(Beginning of Data records)
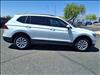 2019 Volkswagen Tiguan S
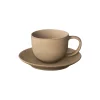 Blomus KUMI Coffee Cups 2 pcs., fungi> Kopper & Krus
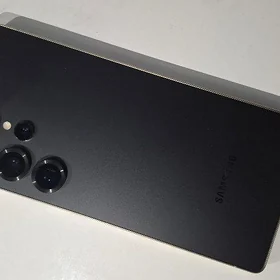 Samsung s25 ultra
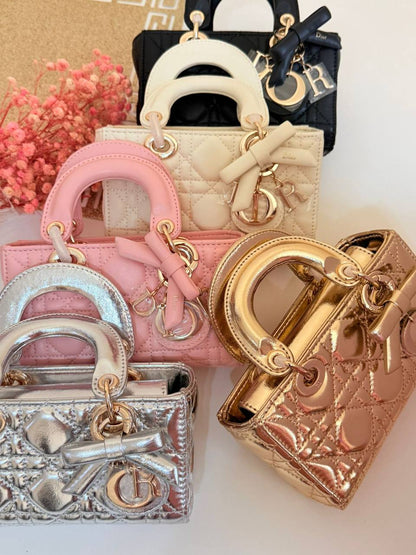 Master dior

280 dhs

Zain134

♥️♥️♥️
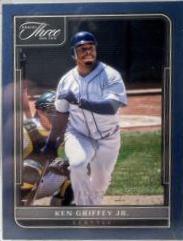Ken Griffey Jr.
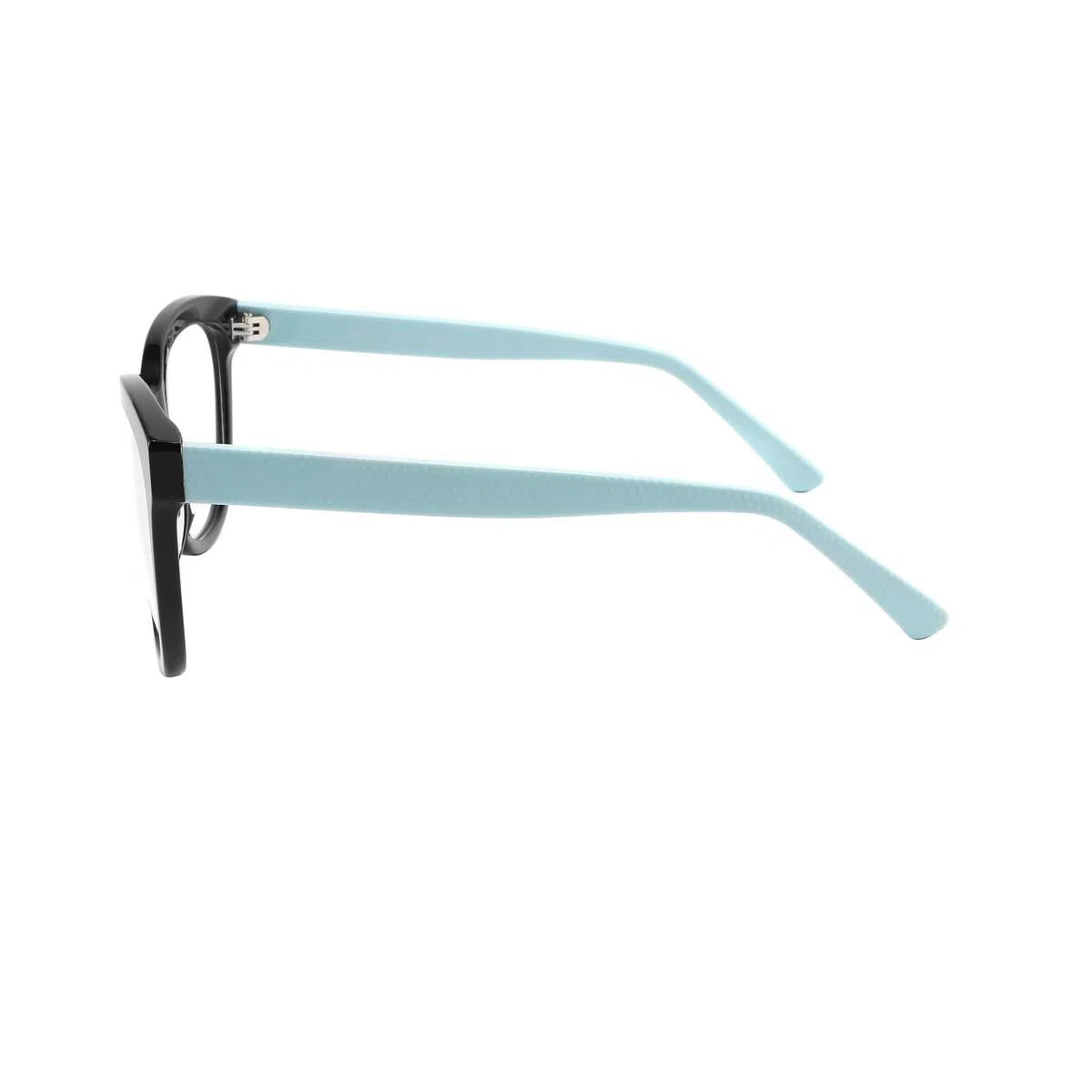 BELLA ITALIA 4202 Eyeglasses - view 15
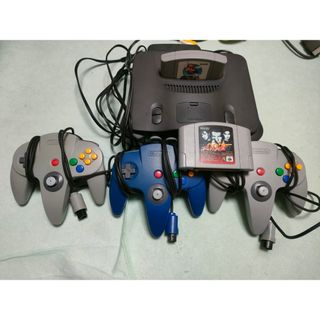 任天堂 - ヨドバシカメラswitch福袋 ニンテンドーswitchの夢の通販 by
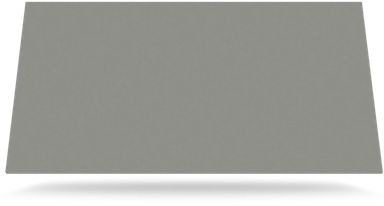 Ceramed - Cement Quartz - 127X64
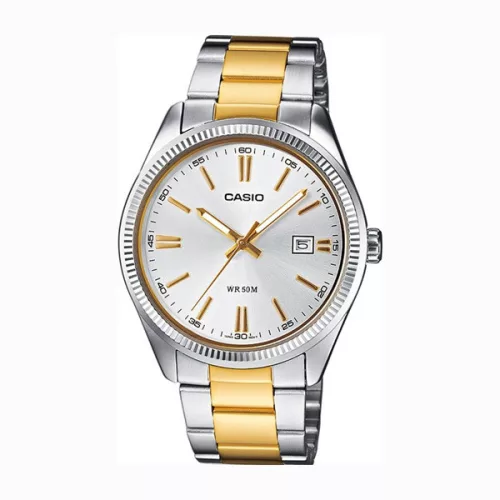 Casio férfi karóra MTP-1302PSG-7AVEF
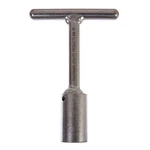 All Steel Penta Wrench, T-handle Heavy Duty Lineman Non-insulated .... Fixed Price $77.04.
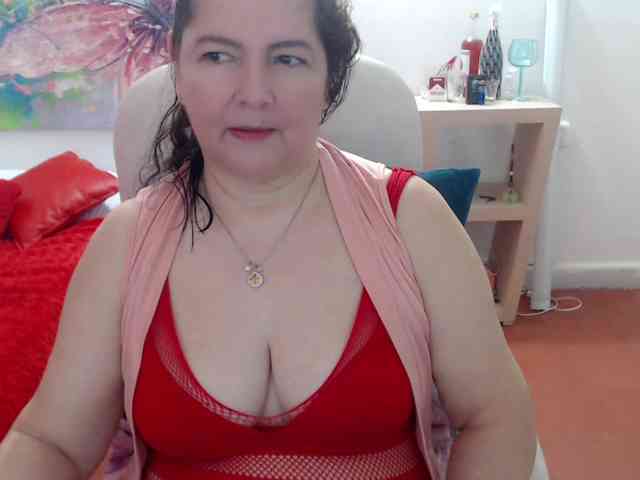 leonela webcam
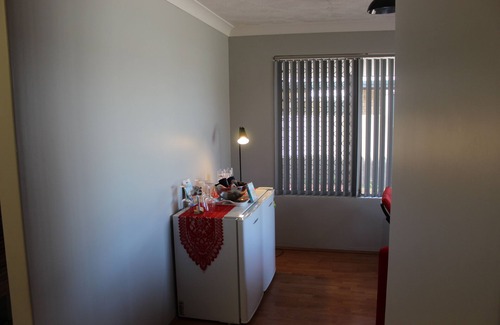 Huntingdale House | Our lovely former Family home which we have had rented out for 20yrs.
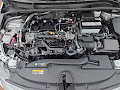 2023 Toyota Corolla LE FWD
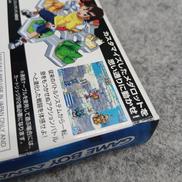 imgMap['COMMENT']}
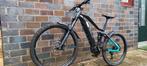 Haibike Allmtn, Fietsen en Brommers, Fully, Ophalen, Zo goed als nieuw, Overige merken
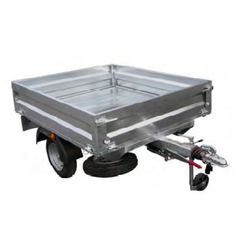 Effeci SRL FC 600M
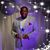 Tavarus Ward's profile image
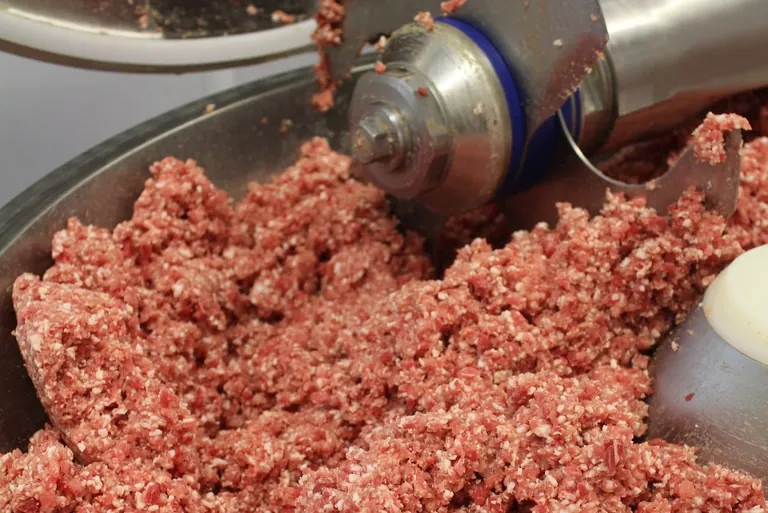 Erzeugerpreise im M&auml;rz 2022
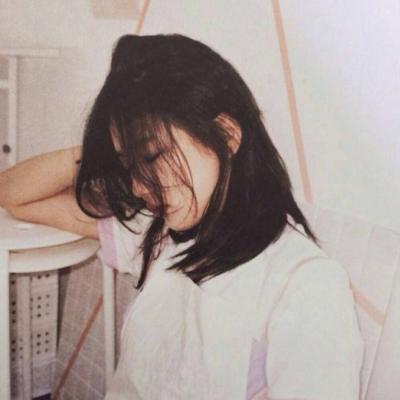 超清高清微信头像图片(共16张)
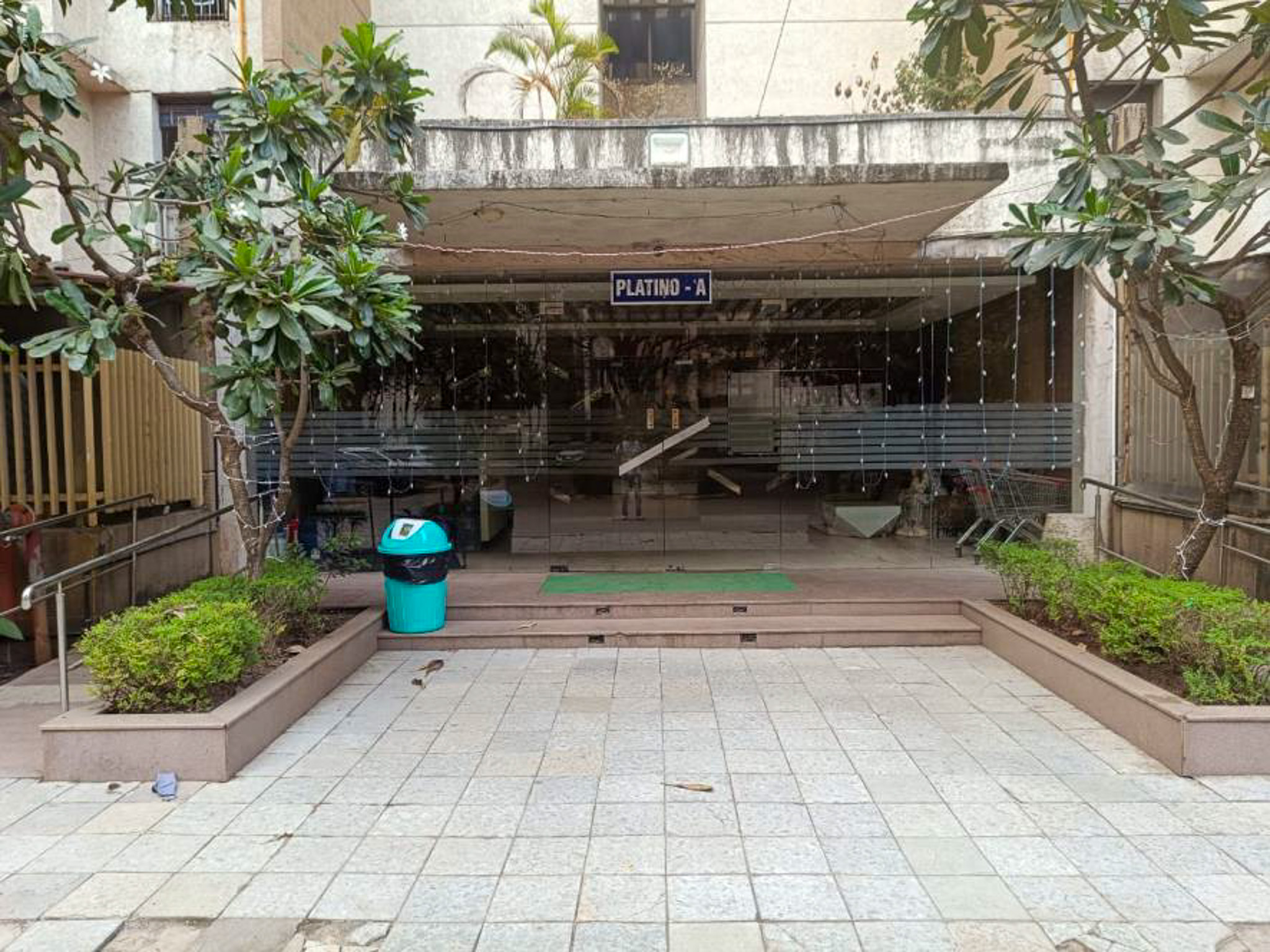 3 BHK Flat for sale in Lodha Splendora, Bhayander Pada, Thane West Thane — photo 25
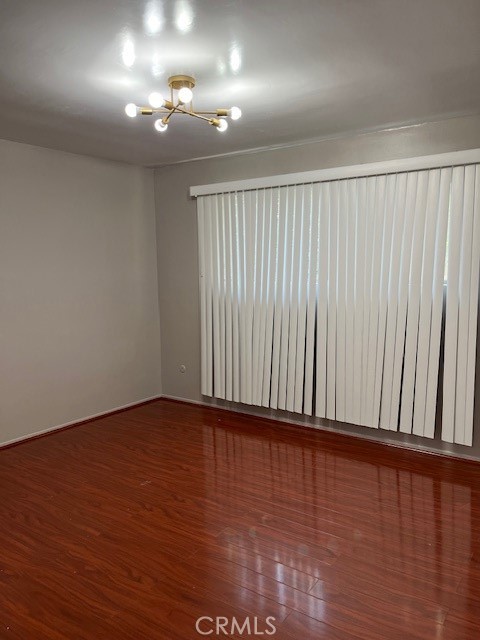 17135 Roscoe Boulevard 1 Property Photo 7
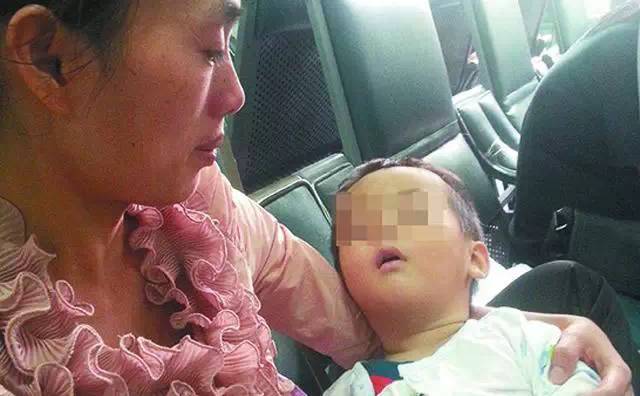 宝宝喝什么水健康_喝了酒要宝宝健康么_宝宝喝胡萝卜汁要煮熟吗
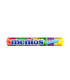 Mentos Rainbow 20 ud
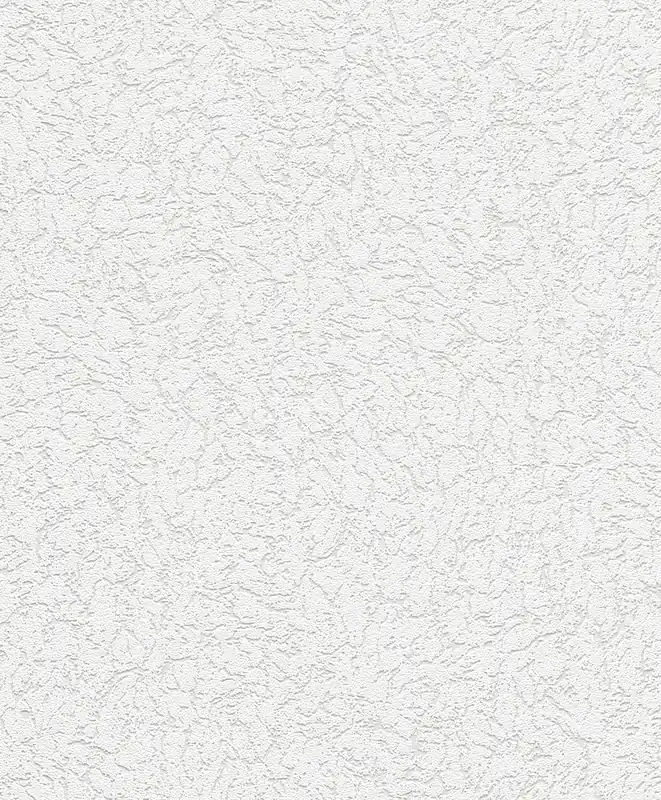 Rasch Selection Wallton, Classic-Chic, weiß 182309 Kracherpreis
(End of Data records)
## Work required:
An exact copy is needed of the lines running from the one containing "Huntingdale House |" through the last line of the material, and of no others; pictures stay out.

## Output of the task:
 Huntingdale House | Our lovely former Family home which we have had rented out for 20yrs.
 2023 Toyota Corolla LE FWD
 imgMap['COMMENT']}
 Haibike Allmtn, Fietsen en Brommers, Fully, Ophalen, Zo goed als nieuw, Overige merken
 Effeci SRL FC 600M
 Tavarus Ward's profile image
 Erzeugerpreise im M&auml;rz 2022
 超清高清微信头像图片(共16张)
 3 BHK Flat for sale in Lodha Splendora, Bhayander Pada, Thane West Thane — photo 25
 17135 Roscoe Boulevard 1 Property Photo 7
 宝宝喝什么水健康_喝了酒要宝宝健康么_宝宝喝胡萝卜汁要煮熟吗
 Mentos Rainbow 20 ud
 Rasch Selection Wallton, Classic-Chic, weiß 182309 Kracherpreis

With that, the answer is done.